Luxor is known for
Luxor has some of the world's most spectacular ancient temples.
Karnak One of the world's most spectacular religious complexes.
Luxor Temple A beautiful place to walk, especially in the evening, right in the heart of Luxor city.
Ramesseum The Ozymandias temple, built by Ramses II (who also built Abu Simbel) and now a wonderful ruin.
Medinat Habu The last great New Kingdom temple, best visited in the softer afternoon light.
You could spend a week in Luxor and still not climb into every tomb.
Valley of the Kings The obvious highlights are here, including Tutakhamun and Seti I.
Tombs of the Nobles Stretched across the Theban hill, hundreds of tombs showing scenes from daily life.
Deir Al Medina The artisans who built the royal tombs also made their own burial places, decorated with scenes of an idealised life.
Valley of the Queens Not just queens, but also princes.

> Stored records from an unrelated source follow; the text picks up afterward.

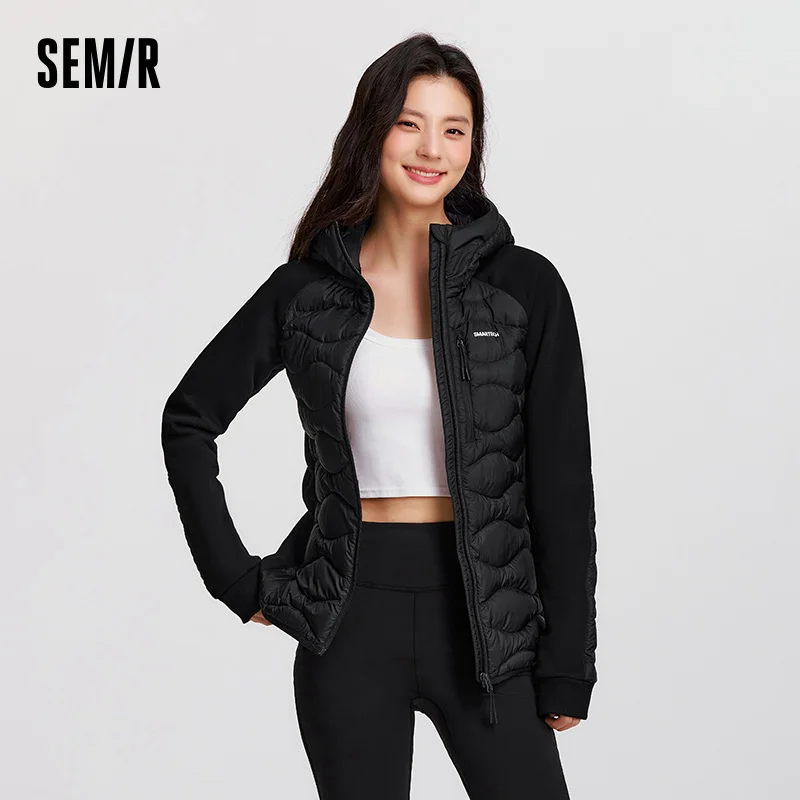 Semir para baixo casacos femininos fino ajuste retalhos lã impermeável manga raglan 2025 roupas de inverno mulher novos casacos e jaquetas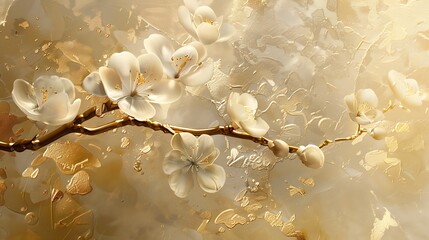Exquisite Golden and White Floral Digital Art Collection with Detailed Texture and Luxurious Appeal
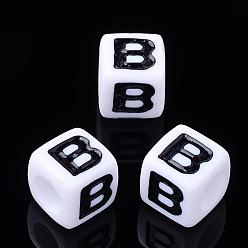 Letter B Granos de la letra de acrílico, cubo, blanco, letra b, tamaño: cerca de 7 mm de ancho, 7 mm de largo, 7 mm de altura, agujero: 3.5 mm, Sobre 2000 unidades / 500 g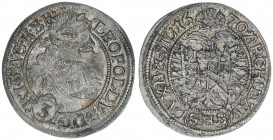 Leopold I. 1657-1705
3 Kreuzer, 1670 SHS. Breslau
1,54g
Herinek 1539
ss+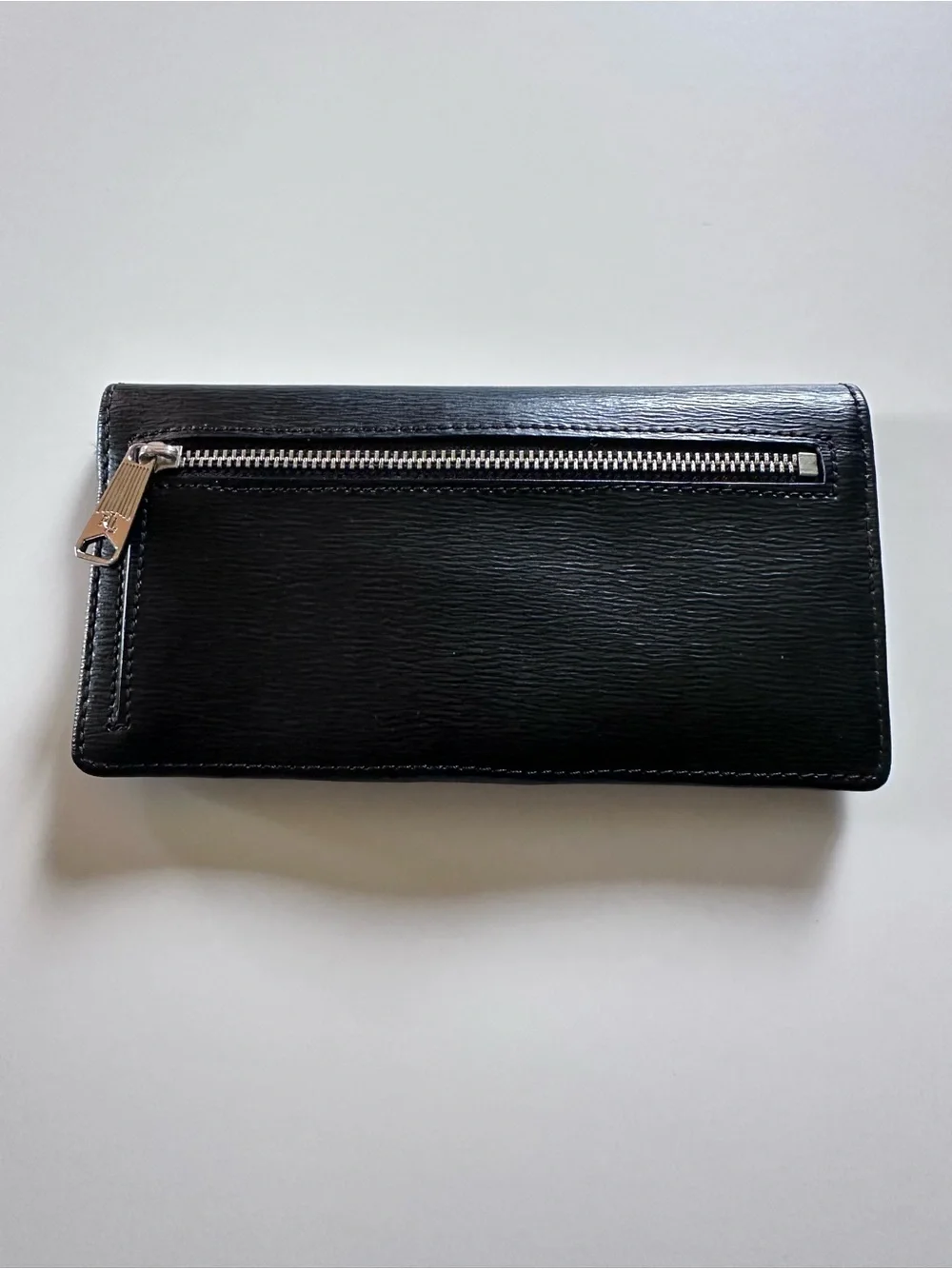 Lauren Ralph Lauren Black Leather Wallet with Silver Plaque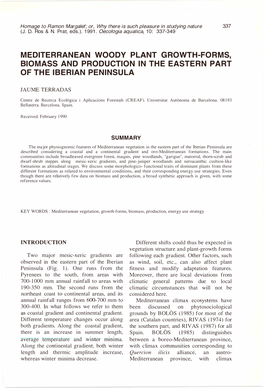 Meoiterranean Woooy Plant Growth-Forms, Biomass Ano Proouction in the Eastern Part of the Iberian Peninsula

And the beautiful Tomb of Nefertari.
They may be giving way to breeze block and concrete at an alarming rate, but there are still many fine mud-brick buildings in Luxor, particularly on the west bank.
New Gurna Some of Hasan Fathy's showpiece village remains undeveloped, including the outstanding mosque.
Carter’s House & the Replica Tomb of Tutankhamun Where Carter lived while searching for the boy king's tomb.
Marsam Hotel The oldest mud-brick hotel in Luxor, much frequented by archaeologists.
Ramesseum Extraordinary remains of the ancient mud-brick granaries and storeroom.
Beyond the ancient sights, there is a vibrant local culture to be enjoyed in Luxor.
Moulid of Abu Al Haggag The impressive festival of the city's patron saint has a counterpart on the west bank.
Ferry Landing West Bank The west-bank village of Gezira has many wall paintings recording the owner's pilgrimage to Mecca.
Sultan Cafe Local cafes are a good place to catch stories being shared.
Art from People to People The newest addition to Luxor's art scene is a gallery for local work.